- [Data for the task]
• • •

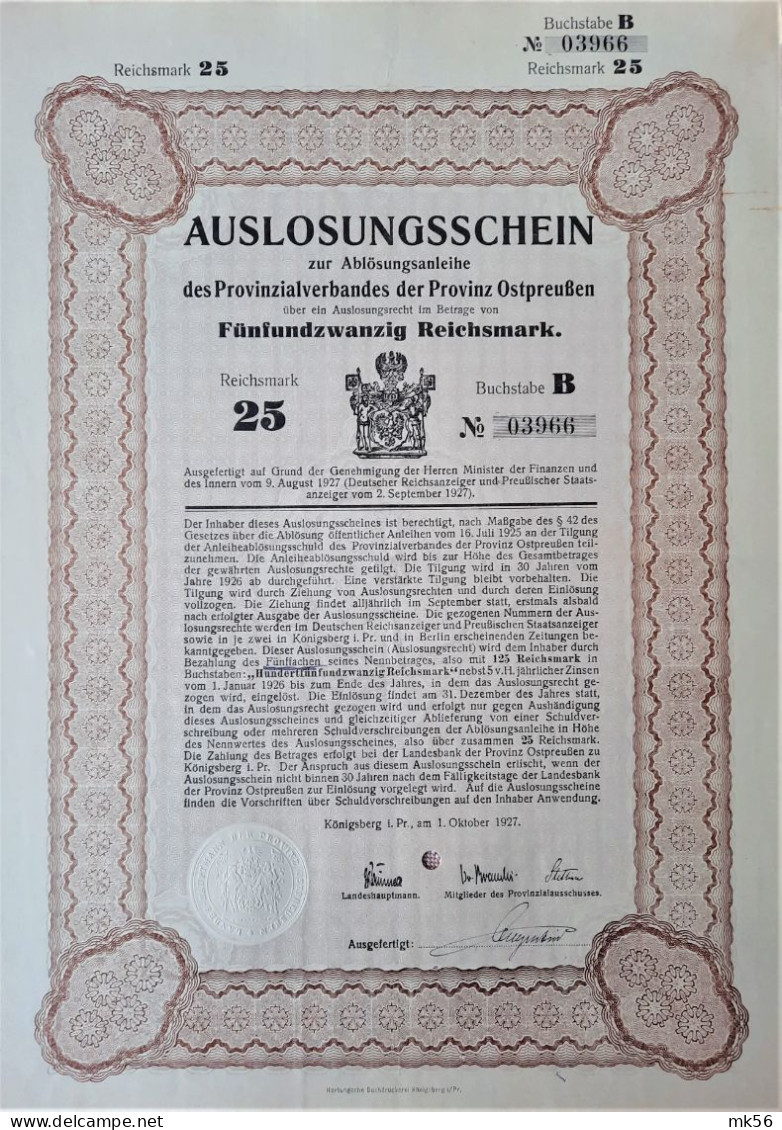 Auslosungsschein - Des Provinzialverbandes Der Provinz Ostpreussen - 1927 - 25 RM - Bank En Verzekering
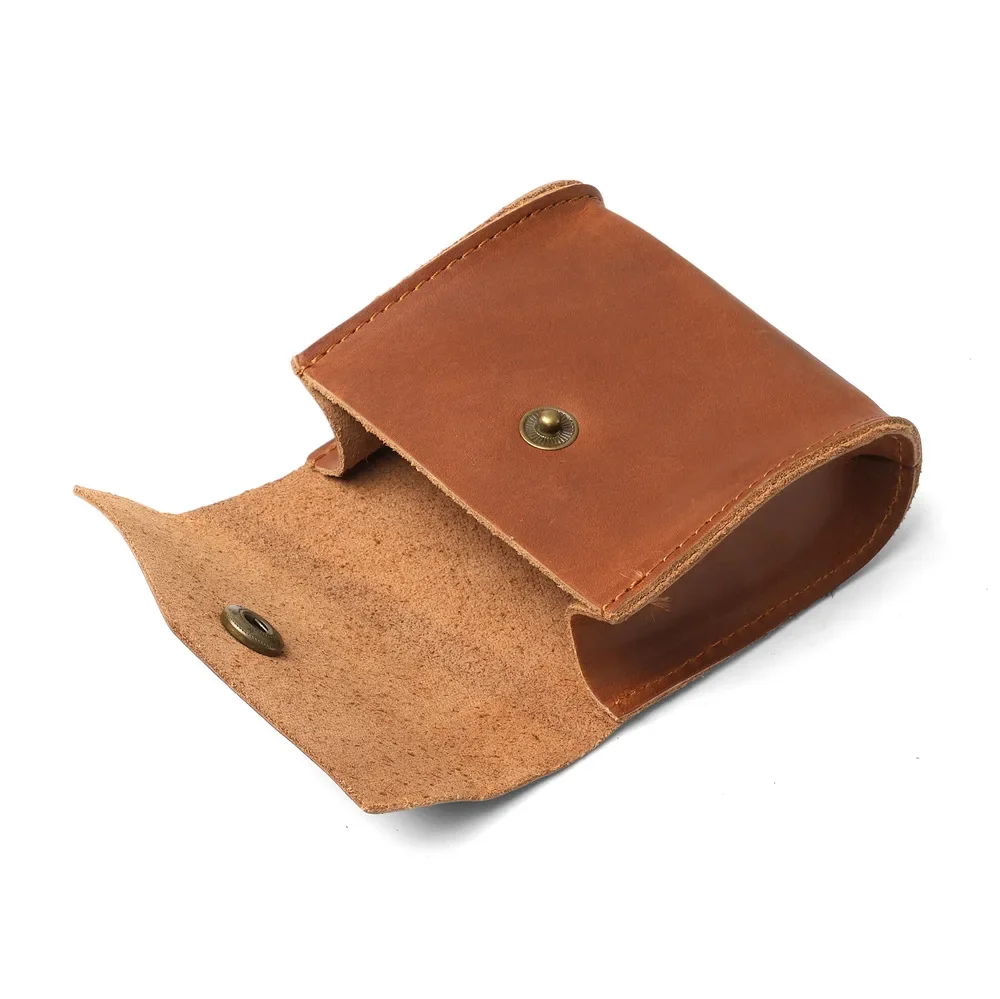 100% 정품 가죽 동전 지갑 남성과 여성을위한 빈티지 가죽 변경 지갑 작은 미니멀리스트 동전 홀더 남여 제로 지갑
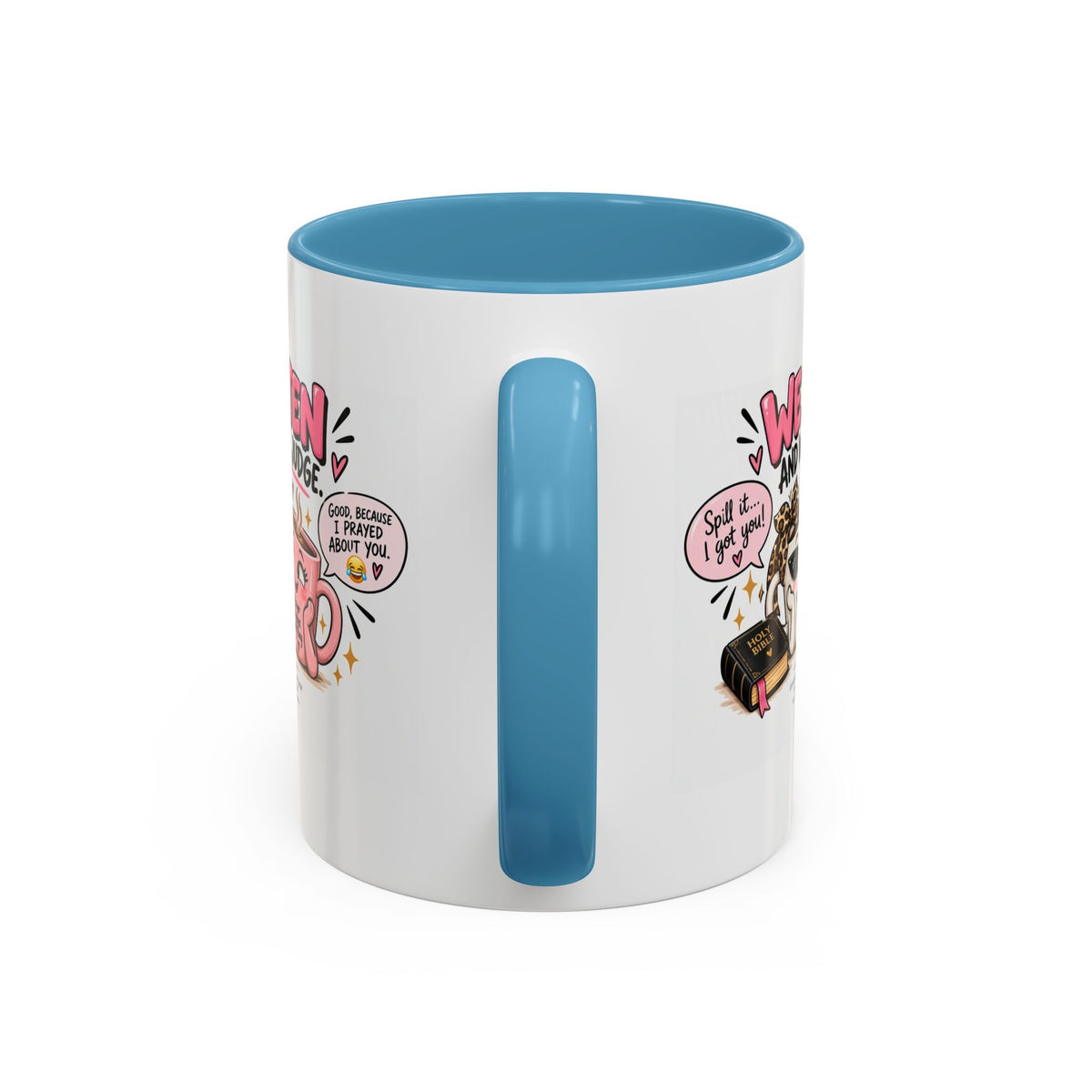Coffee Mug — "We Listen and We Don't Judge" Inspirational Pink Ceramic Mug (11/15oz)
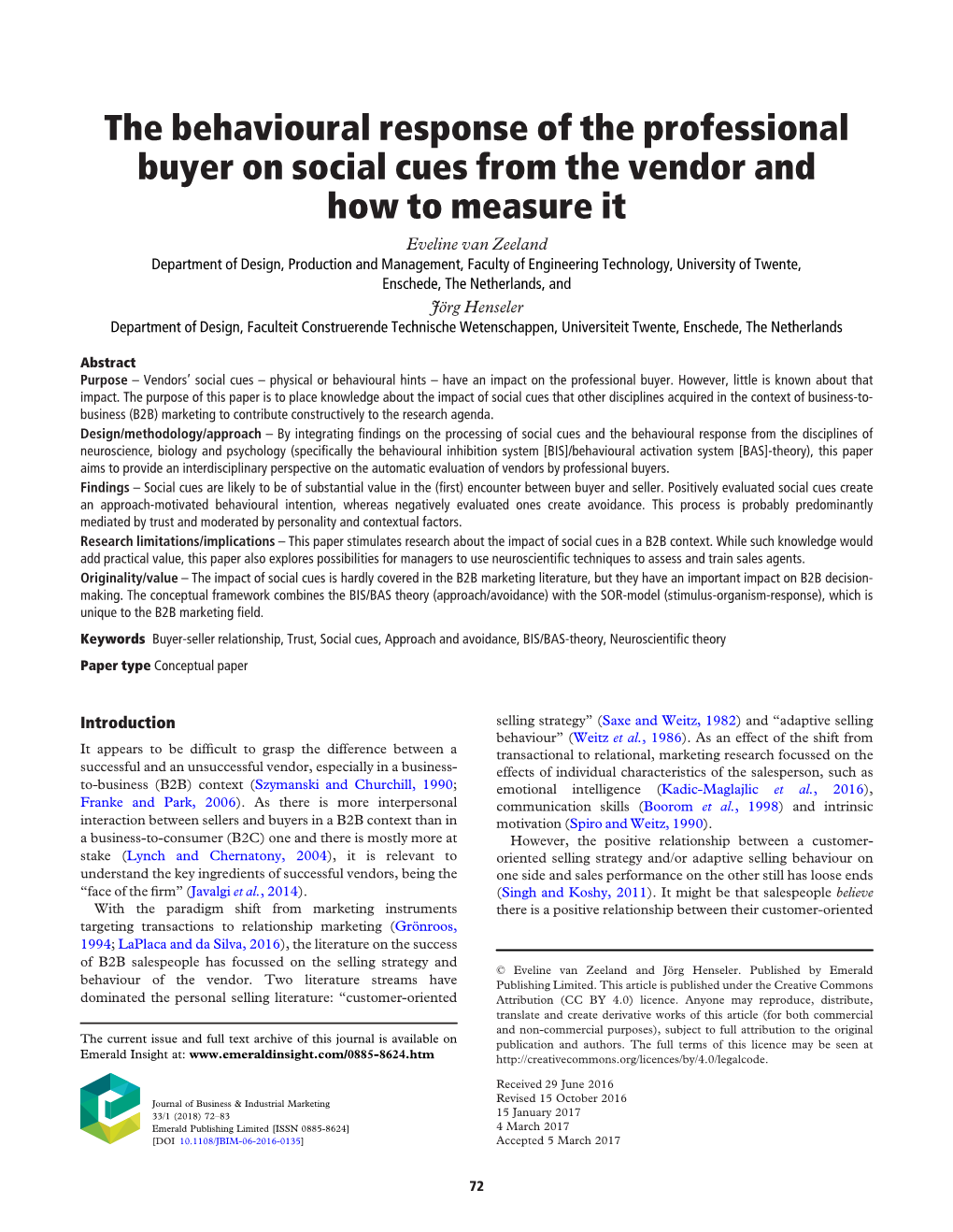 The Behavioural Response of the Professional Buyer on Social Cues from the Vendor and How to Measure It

• • •

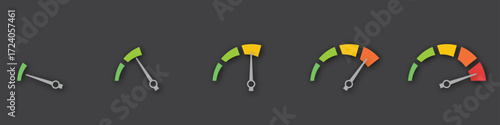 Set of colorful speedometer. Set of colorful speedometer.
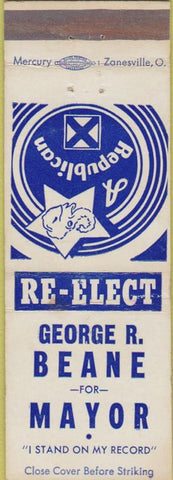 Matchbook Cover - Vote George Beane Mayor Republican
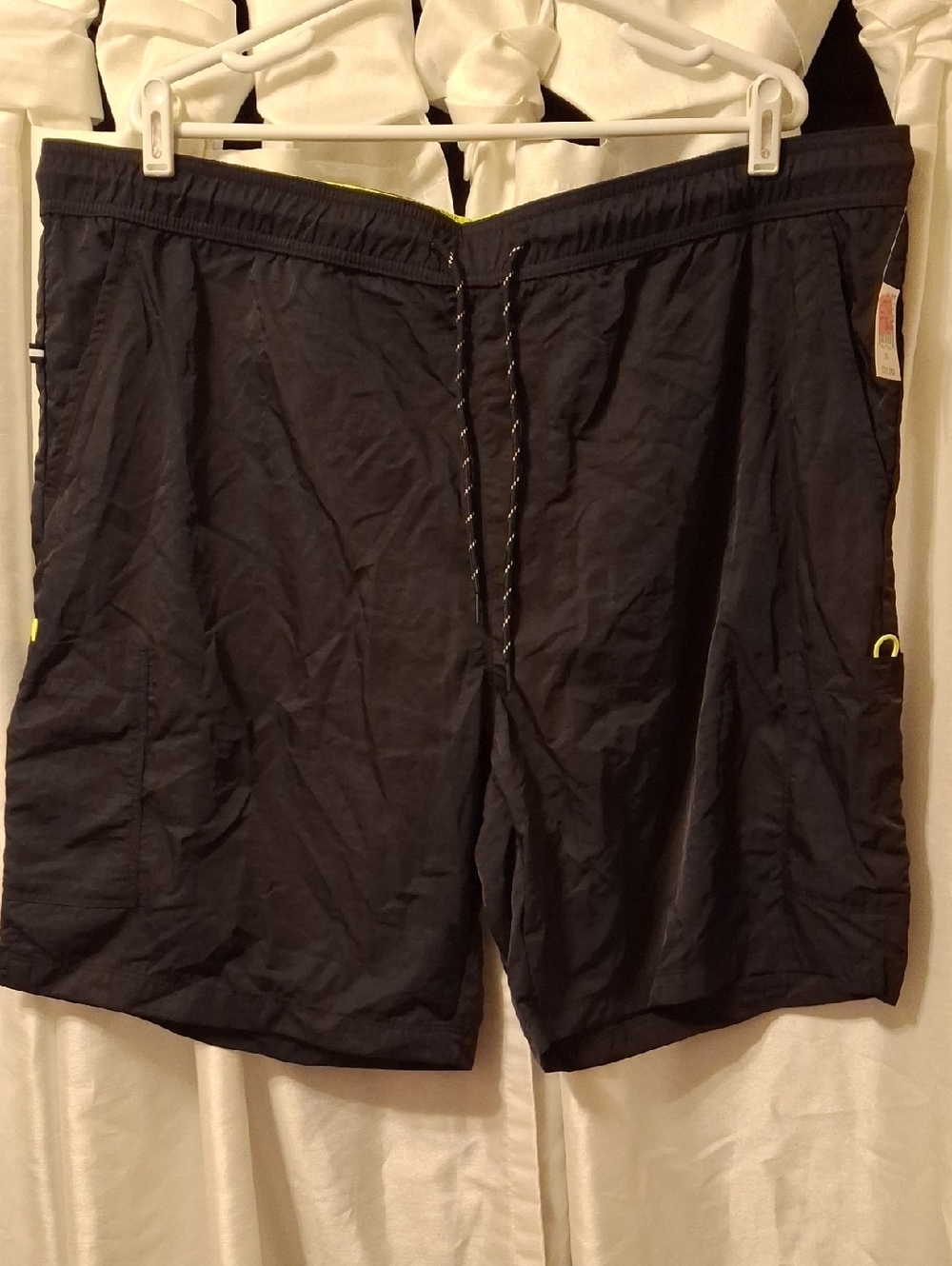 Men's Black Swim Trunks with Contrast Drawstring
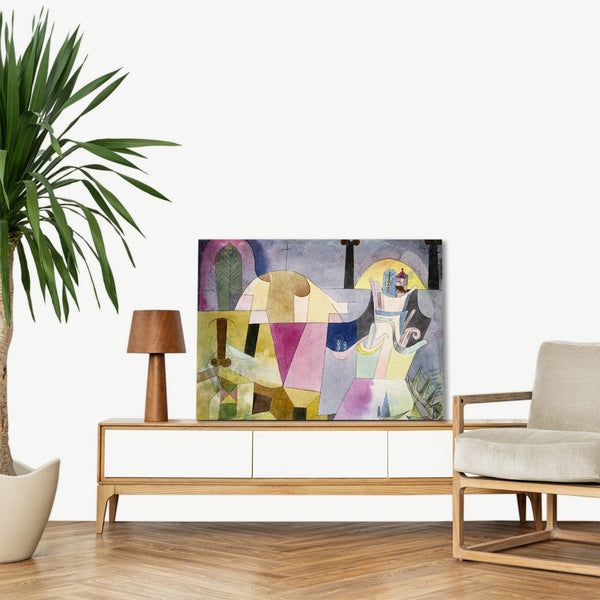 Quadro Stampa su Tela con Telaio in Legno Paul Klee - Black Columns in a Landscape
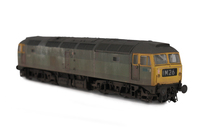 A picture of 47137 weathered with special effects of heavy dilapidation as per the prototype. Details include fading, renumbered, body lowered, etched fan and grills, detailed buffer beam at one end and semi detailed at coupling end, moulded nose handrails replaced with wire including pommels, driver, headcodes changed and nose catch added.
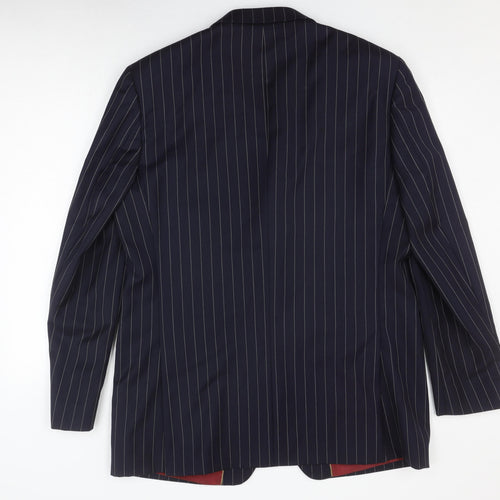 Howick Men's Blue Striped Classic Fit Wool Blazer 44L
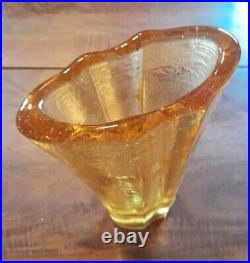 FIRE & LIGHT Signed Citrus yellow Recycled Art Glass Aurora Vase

• • •

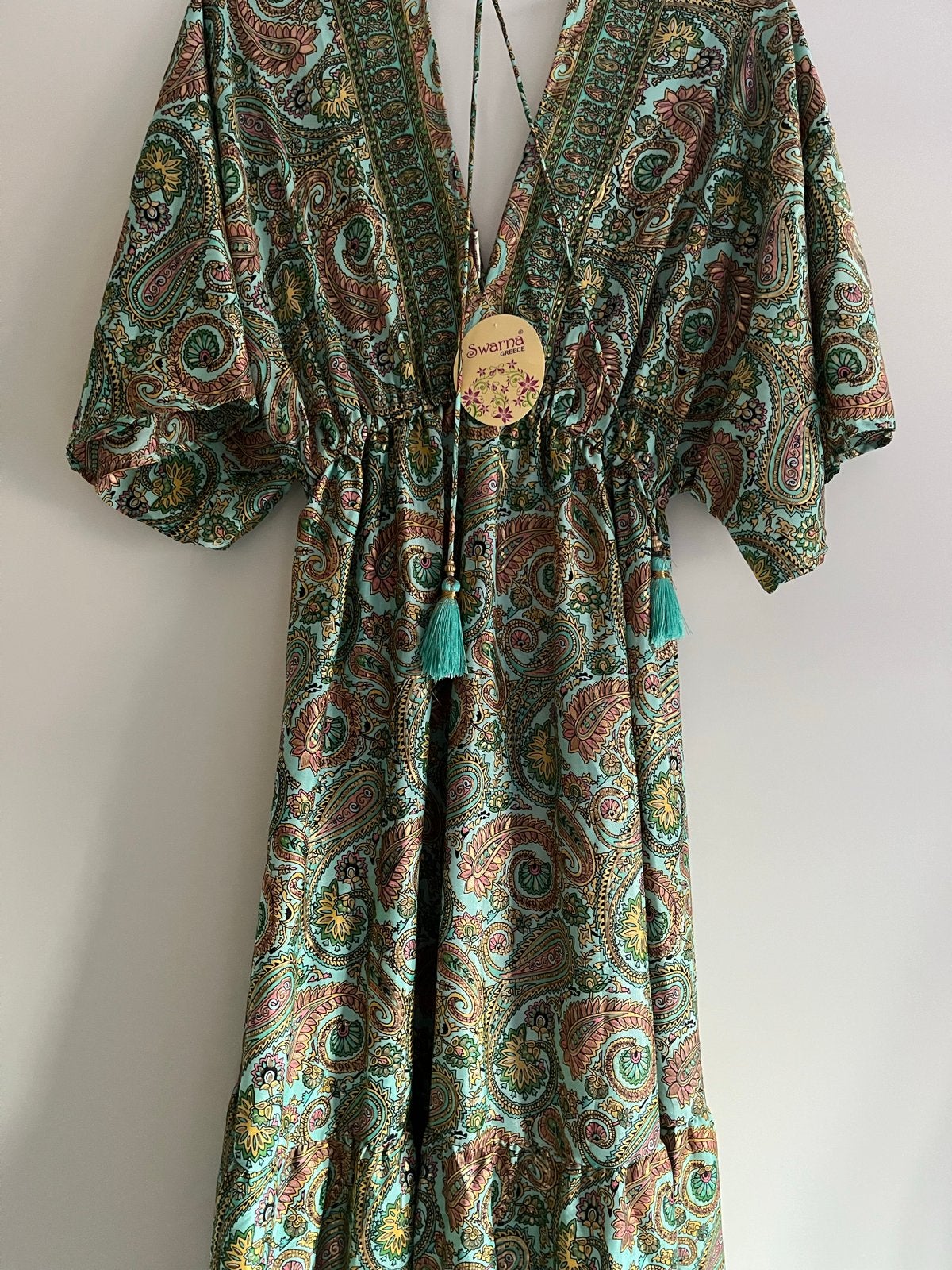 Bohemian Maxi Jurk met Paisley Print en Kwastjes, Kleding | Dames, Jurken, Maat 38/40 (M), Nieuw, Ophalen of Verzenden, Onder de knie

• • •

In the records above, everything from the line with "Auslosungsschein - Des" down to the line with "The Behavioural Response" is to be set down exactly, both ends included, with no pictures and no other lines.

 Auslosungsschein - Des Provinzialverbandes Der Provinz Ostpreussen - 1927 - 25 RM - Bank En Verzekering
 100% 정품 가죽 동전 지갑 남성과 여성을위한 빈티지 가죽 변경 지갑 작은 미니멀리스트 동전 홀더 남여 제로 지갑
Coffee Mug — "We Listen and We Don't Judge" Inspirational Pink Ceramic Mug (11/15oz)
 The Behavioural Response of the Professional Buyer on Social Cues from the Vendor and How to Measure It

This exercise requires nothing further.